- [WHAT TO PRODUCE] Only the pictures should be left out; write out all other data exactly.
*** Begin section ***
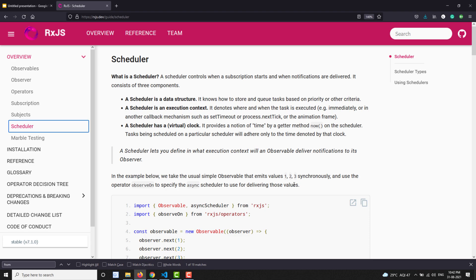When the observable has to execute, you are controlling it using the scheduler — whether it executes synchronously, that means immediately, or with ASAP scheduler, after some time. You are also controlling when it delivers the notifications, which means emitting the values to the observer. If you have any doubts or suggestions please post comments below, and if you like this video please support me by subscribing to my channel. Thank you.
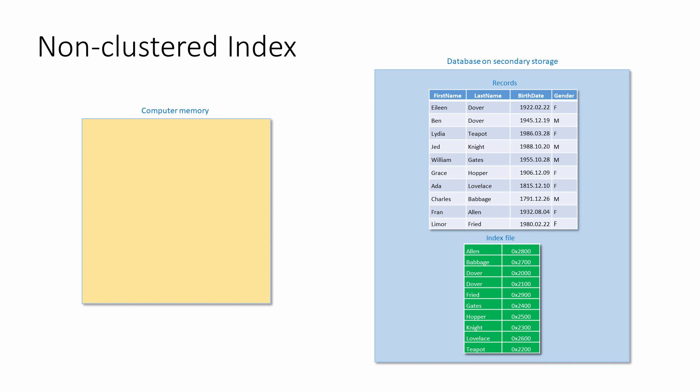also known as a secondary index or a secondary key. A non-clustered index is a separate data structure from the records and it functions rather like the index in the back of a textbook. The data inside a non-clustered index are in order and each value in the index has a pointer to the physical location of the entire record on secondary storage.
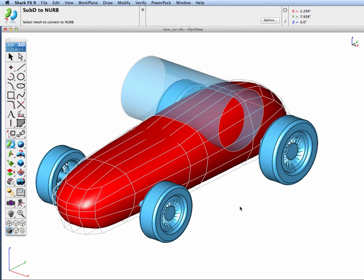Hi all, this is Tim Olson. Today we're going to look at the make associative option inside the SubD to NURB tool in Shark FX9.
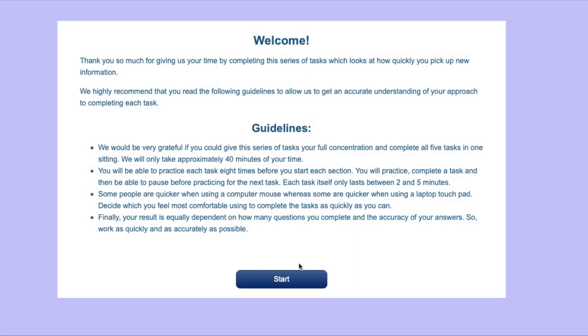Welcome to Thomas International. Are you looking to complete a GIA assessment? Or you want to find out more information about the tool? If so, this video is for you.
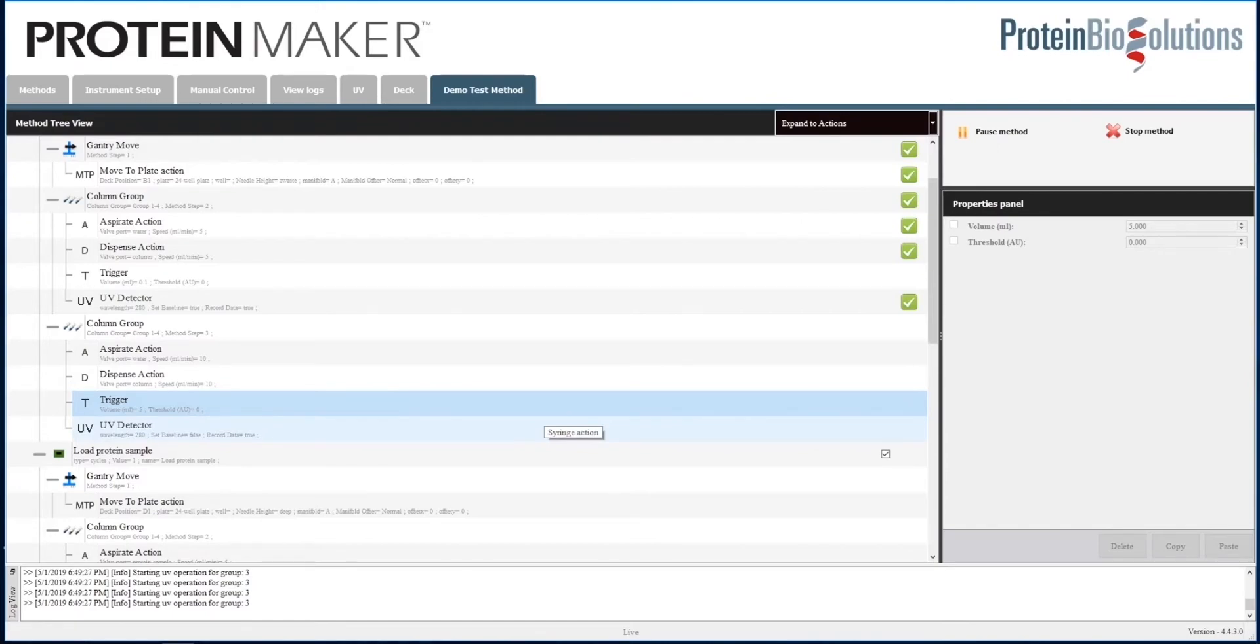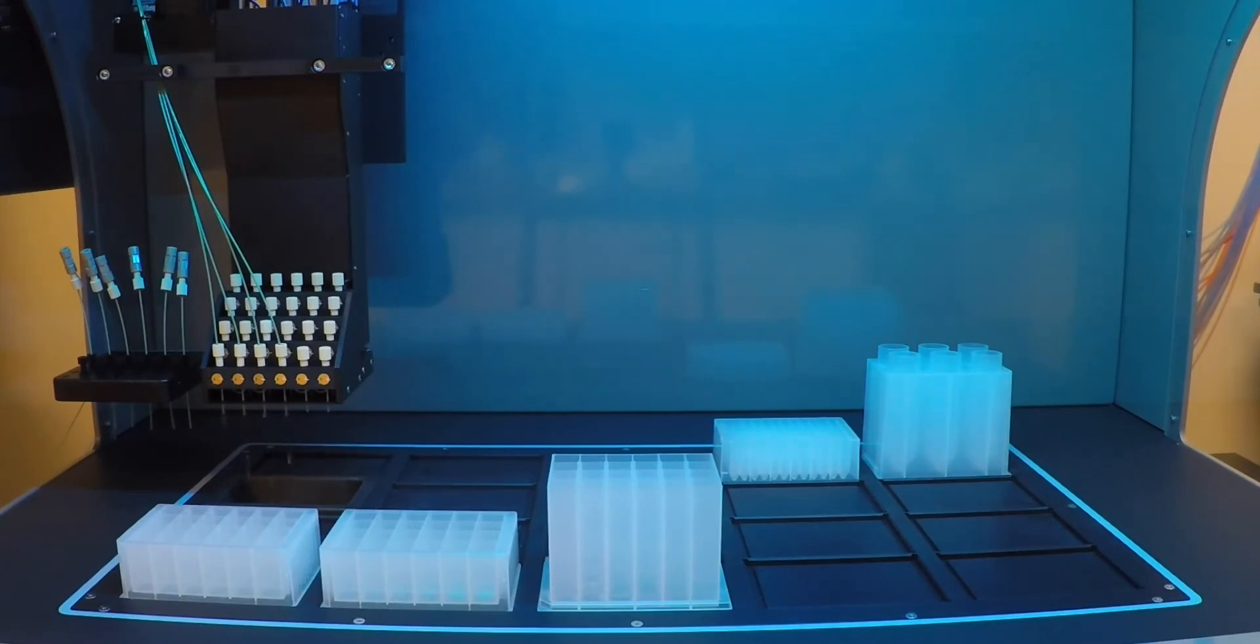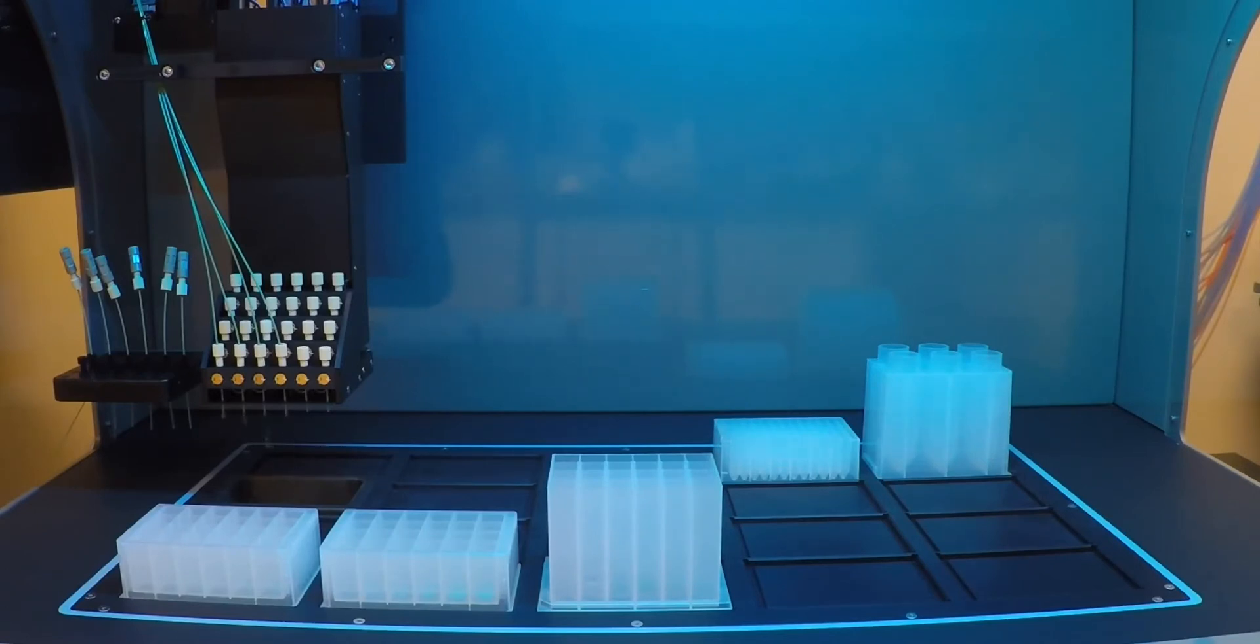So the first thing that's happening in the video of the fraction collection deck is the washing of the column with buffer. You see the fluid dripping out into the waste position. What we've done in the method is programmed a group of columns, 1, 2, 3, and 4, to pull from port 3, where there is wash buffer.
*** End section ***
- [YOUR RESPONSE]
When the observable has to execute, you are controlling it using the scheduler — whether it executes synchronously, that means immediately, or with ASAP scheduler, after some time. You are also controlling when it delivers the notifications, which means emitting the values to the observer. If you have any doubts or suggestions please post comments below, and if you like this video please support me by subscribing to my channel. Thank you.
also known as a secondary index or a secondary key. A non-clustered index is a separate data structure from the records and it functions rather like the index in the back of a textbook. The data inside a non-clustered index are in order and each value in the index has a pointer to the physical location of the entire record on secondary storage.
Hi all, this is Tim Olson. Today we're going to look at the make associative option inside the SubD to NURB tool in Shark FX9.
Welcome to Thomas International. Are you looking to complete a GIA assessment? Or you want to find out more information about the tool? If so, this video is for you.
So the first thing that's happening in the video of the fraction collection deck is the washing of the column with buffer. You see the fluid dripping out into the waste position. What we've done in the method is programmed a group of columns, 1, 2, 3, and 4, to pull from port 3, where there is wash buffer.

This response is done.